O descanso e a espera, portanto, são gestos ativos do inconsciente e do espírito, uma oração silenciosa que mantém o desejo vivo, mesmo quando o ego se recolhe.


Capítulo 5 — O Último Passo e o Primeiro Renascimento

Cada gesto cotidiano — tênis novo, música, esquecimento do relógio, antecipação — torna-se símbolo de travessia psíquica:

  • Resistência à exaustão
  • Sustento da pulsão de vida
  • Entrega e esperança
  • Preparação para o renascimento do desejo

“O desejo nunca morre; ele muda de corpo, de forma e de objeto.” (Lacan, 1973)

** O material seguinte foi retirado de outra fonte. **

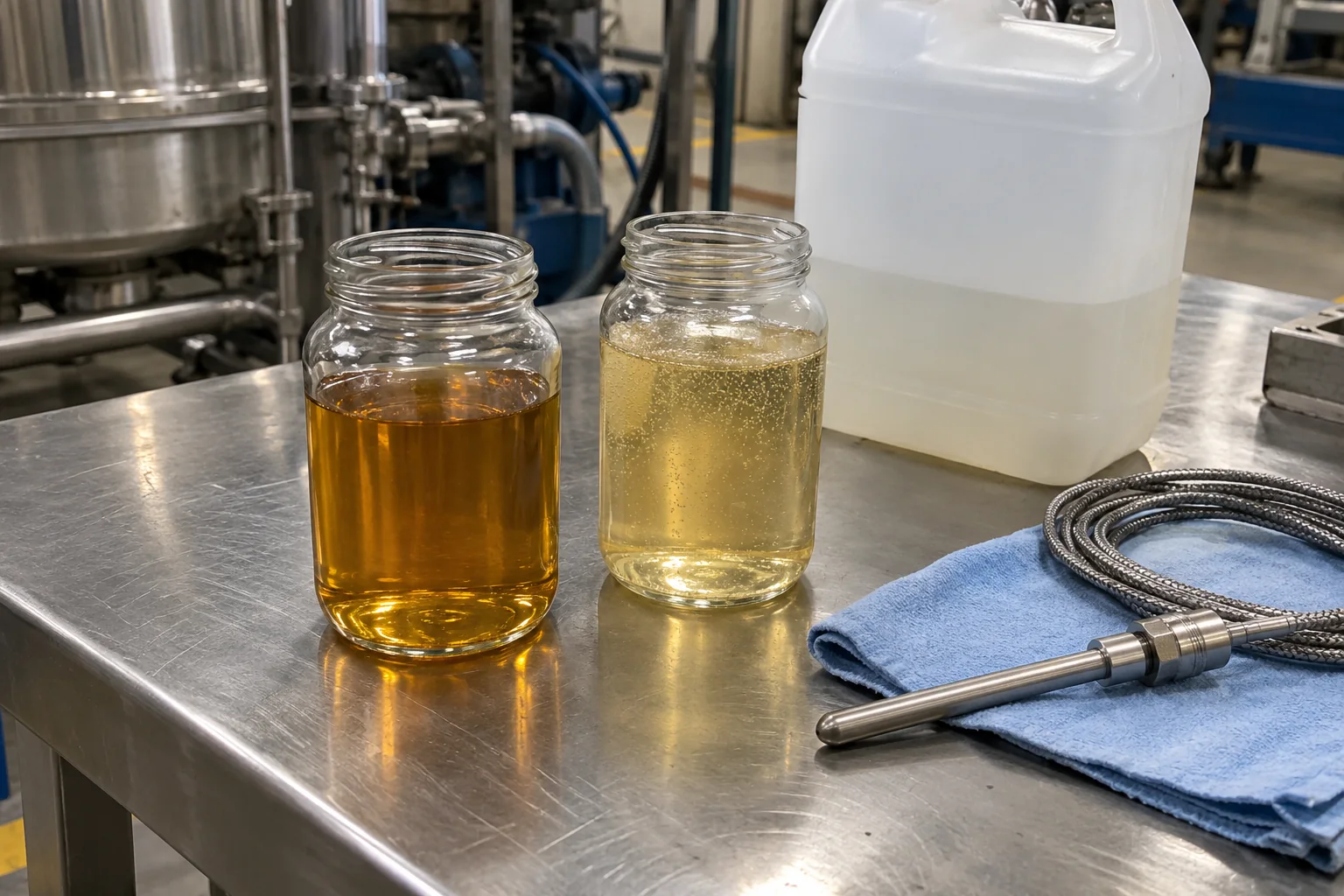 Two ungraduated clear glass jars containing amber liquid lots—one smooth and one slightly aerated with micro-bubbles—beside a translucent plastic jug and a coiled stainless temperature probe on a steel bench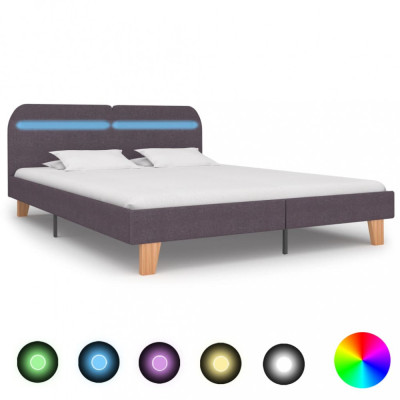 Cadru de pat cu LED-uri, gri taupe, 160x200cm, material textil foto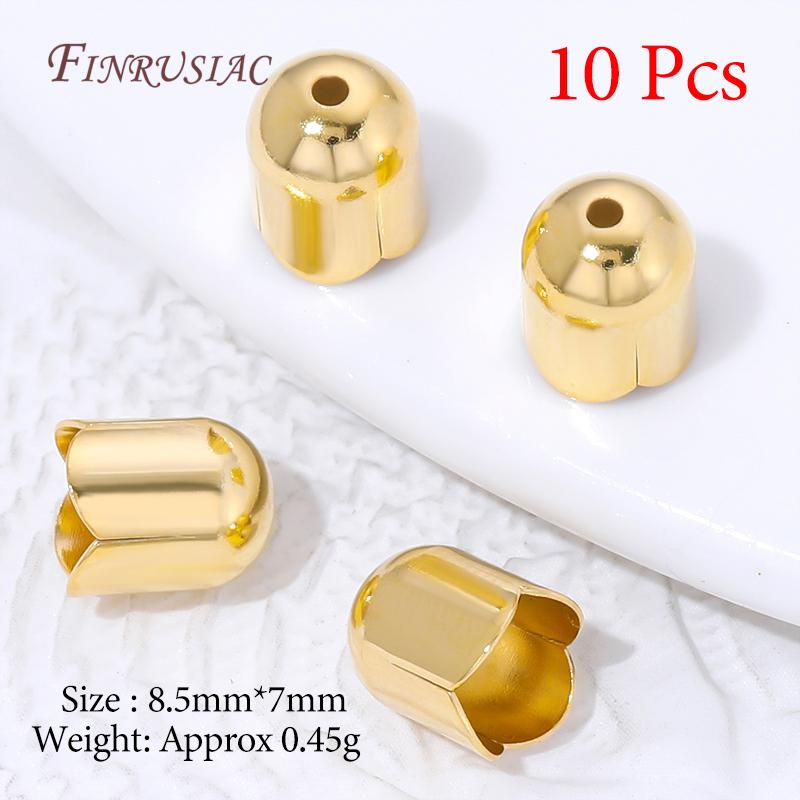 Multiple Styles 18K Gold Plated Beads Caps For Jewelry Making,Brass Flowers Caps For Bracelets DIY Accessories,Tassel End Cap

O fiscal psicólogo caminha até o portão do supermercado, não apenas cumprindo um dever, mas manifestando o equilíbrio entre pausa, esperança e possível reinvestimento da libido.


Conclusão

O fiscal psicólogo demonstra que o silêncio e a suspensão da ação não são inatividade, mas gestos conscientes e inconscientes de preservação do desejo.
Eles protegem a libido, permitem a reorganização psíquica e simbolizam entrega e confiança no divino. Mesmo na exaustão, o desejo continua respirando através dos pequenos sinais: tênis novo, música, esquecimento do relógio, antecipação ao trabalho.

O livro evidencia que a vida psíquica e espiritual se revela nos detalhes do cotidiano, e que a espera e o descanso são estratégias de sobrevivência do desejo e de esperança.


Referências Bibliográficas

1.      Freud, S. (1901). A interpretação dos sonhos. Rio de Janeiro: Imago.

2.      Freud, S. (1914). Introdução ao Narcisismo. Rio de Janeiro: Imago.

3.      Freud, S. (1920). Além do Princípio do Prazer. Rio de Janeiro: Imago.

4.      Lacan, J. (1973). O Seminário, Livro 11: Os Quatro Conceitos Fundamentais da Psicanálise. Rio de Janeiro: Jorge Zahar.

5.      Laplanche, J., & Pontalis, J.-B. (1967). Vocabulário da Psicanálise. Rio de Janeiro: Imago.